Venkat Venkatasubramanian, Samuel Ruben-Peter G. Viele Professor of Engineering, Columbia University,

Extreme economic inequality is widely seen as a serious threat to the future of stable and vibrant capitalist democracies. In 2015, the World Economic Forum in Davos identified deepening income inequality as the number one challenge of our time. Yet some inequality is inevitable, even desirable and necessary, for capitalist societies to work productively. Different people have different skills and capacities for work, and so they make different contributions to society, some more, others less. Therefore, it is only fair that those who contribute more earn more.

But how much more? What is the fairest inequality of income?

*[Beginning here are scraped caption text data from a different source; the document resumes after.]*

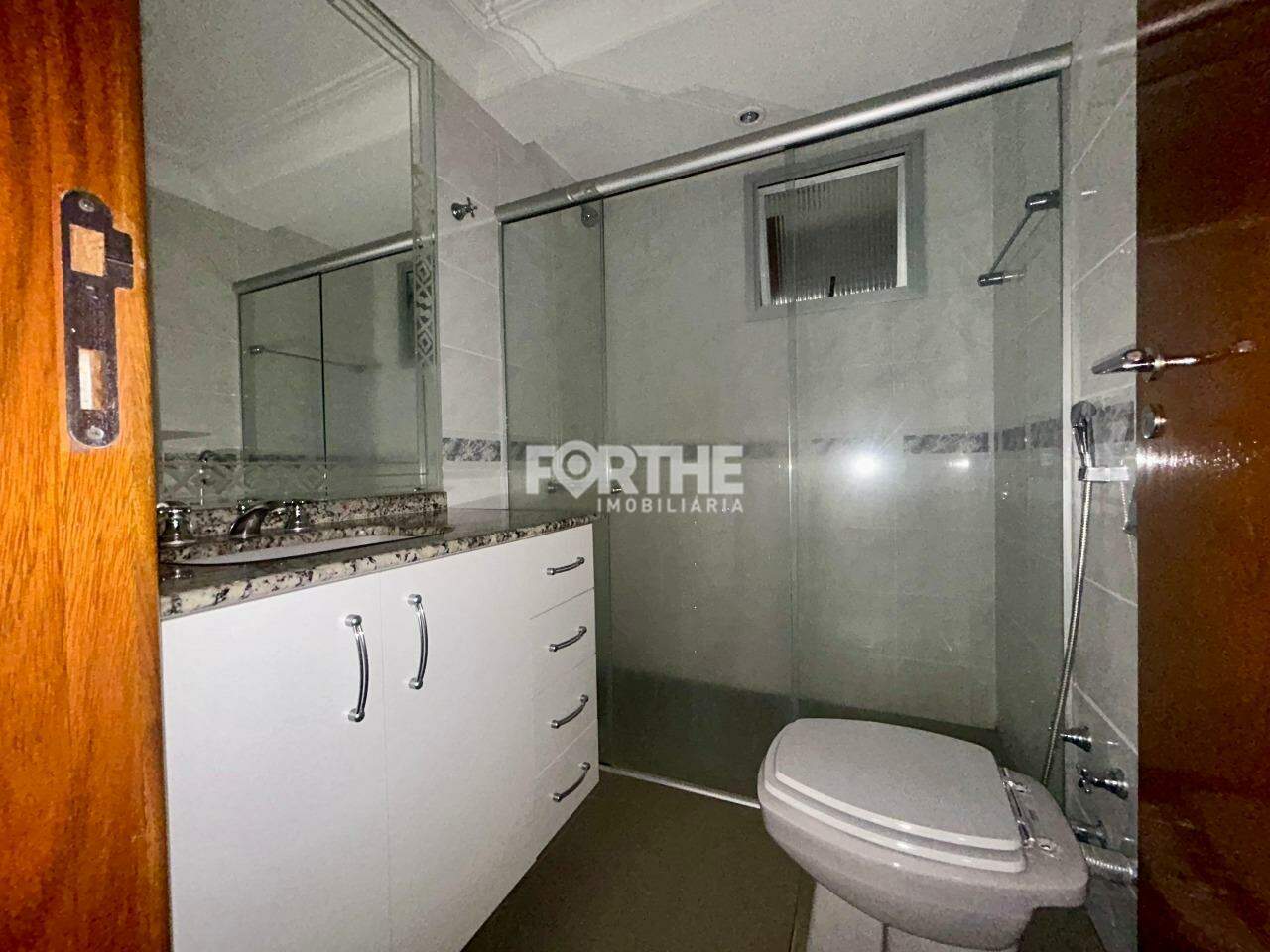 Apartamento para aluguel no Centro: 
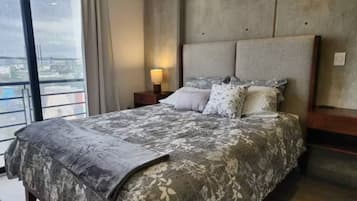 1 camera, Wi-Fi, lenzuola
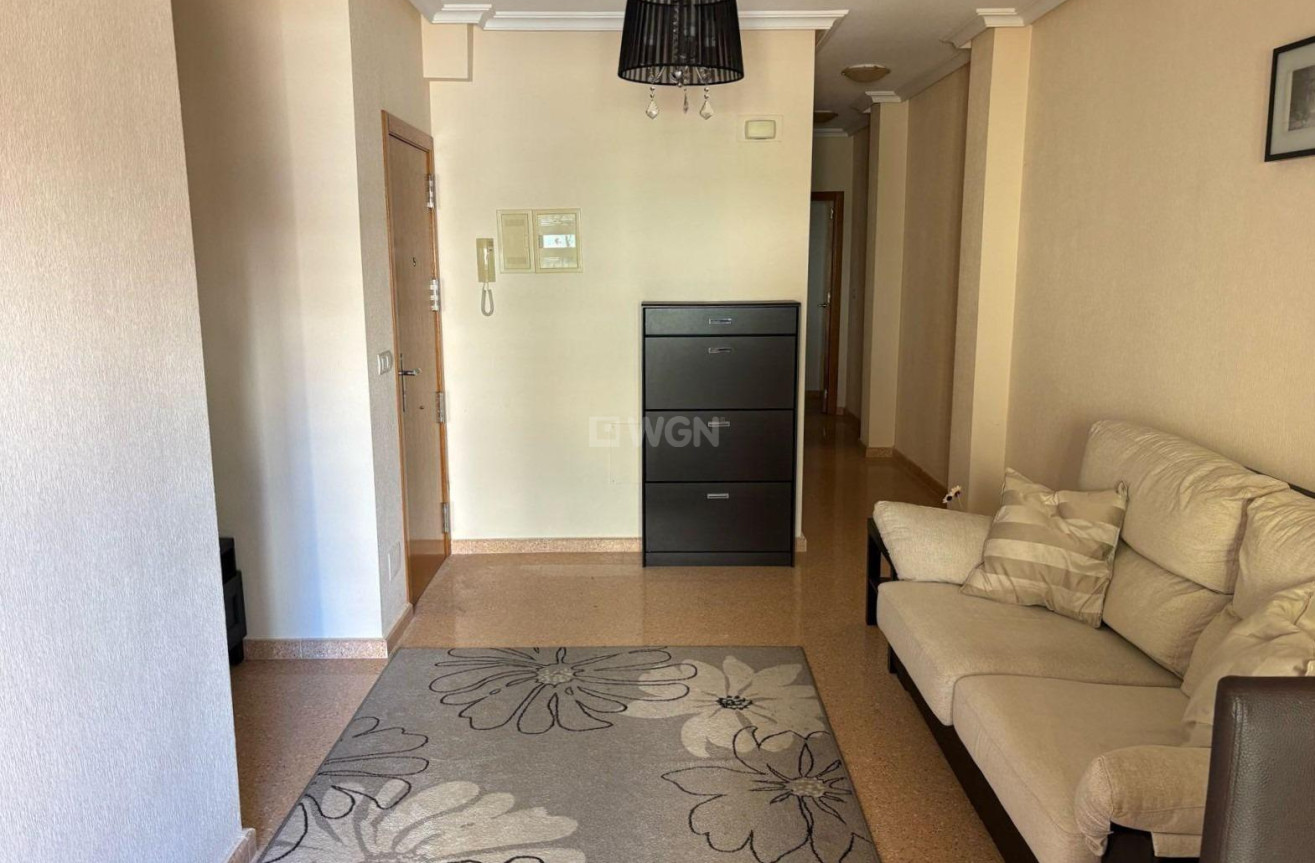 Resale - Apartment / flat - Torrevieja - Centro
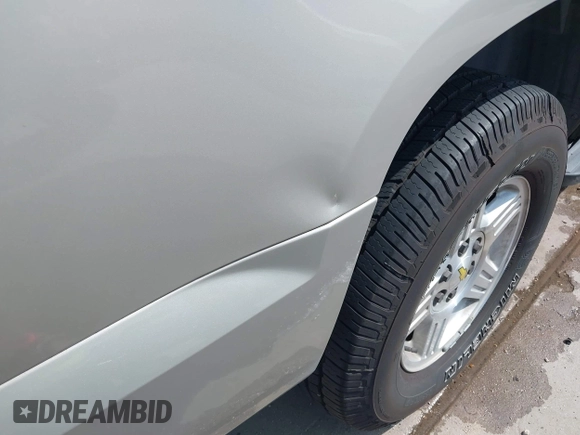 2008 Chevrolet Tahoe LS with VIN 1GNFC13C18R185820, listed as a IAAI auction lot 42662827 with 186,500 mi miles and . Bid and sale history available at DreamBid. Image 21.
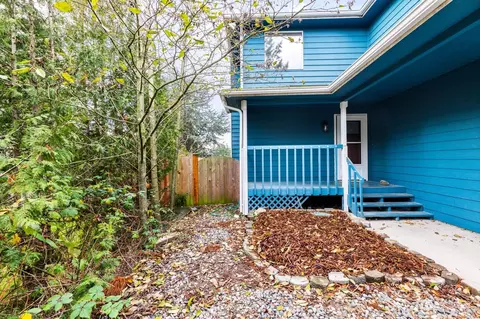 1143 SW Kaleeton Loop #1, Oak Harbor, WA 98277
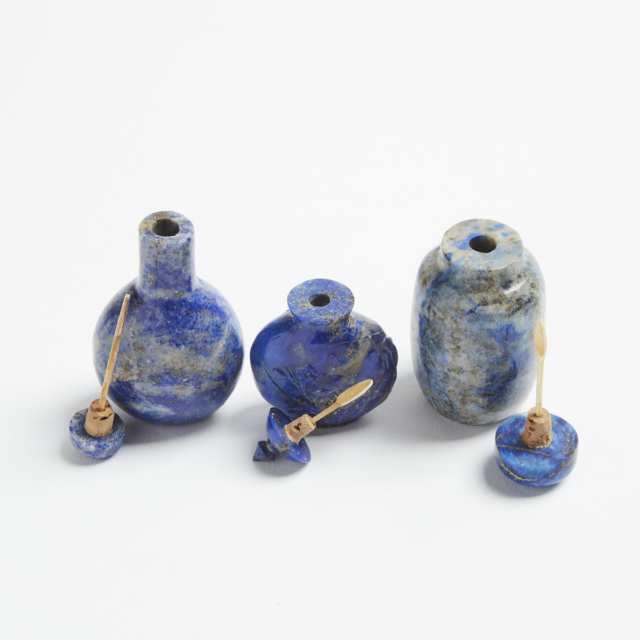 A Group of Three Lapis Lazuli Snuff Bottles, 19th/20th Century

This critical question is at the heart of the inequality debate. The debate is not so much about inequality per se - it is about fairness. This central question about fair inequality has remained open in economics and political philosophy for over two centuries. Mainstream economics has offered little guidance on the fair distribution of income. Political philosophy, meanwhile, has much to say about fairness yet relies on qualitative theories, such as the ones by Rawls and Nozick, which empirical data cannot verify.

In this talk, I will present a novel analytical framework, called statistical teleodynamics, which is a synthesis of key concepts and techniques from game theory and statistical mechanics. This theory answers this question quantitatively, and leads to surprising insights into the political philosophy, economics, game theory, and statistical mechanics perspectives of this question.

Furthermore, the theory proposes a spectrum of self-actualizing capabilities, going from none to completely strategic decision-making, and envisions the various examples of active matter systems occupying someplace in this spectrum. As examples of such active agents, I will discuss how the theory predicts pattern formation via self-organization in mussel beds, in ant craters, and in the flocking of birds.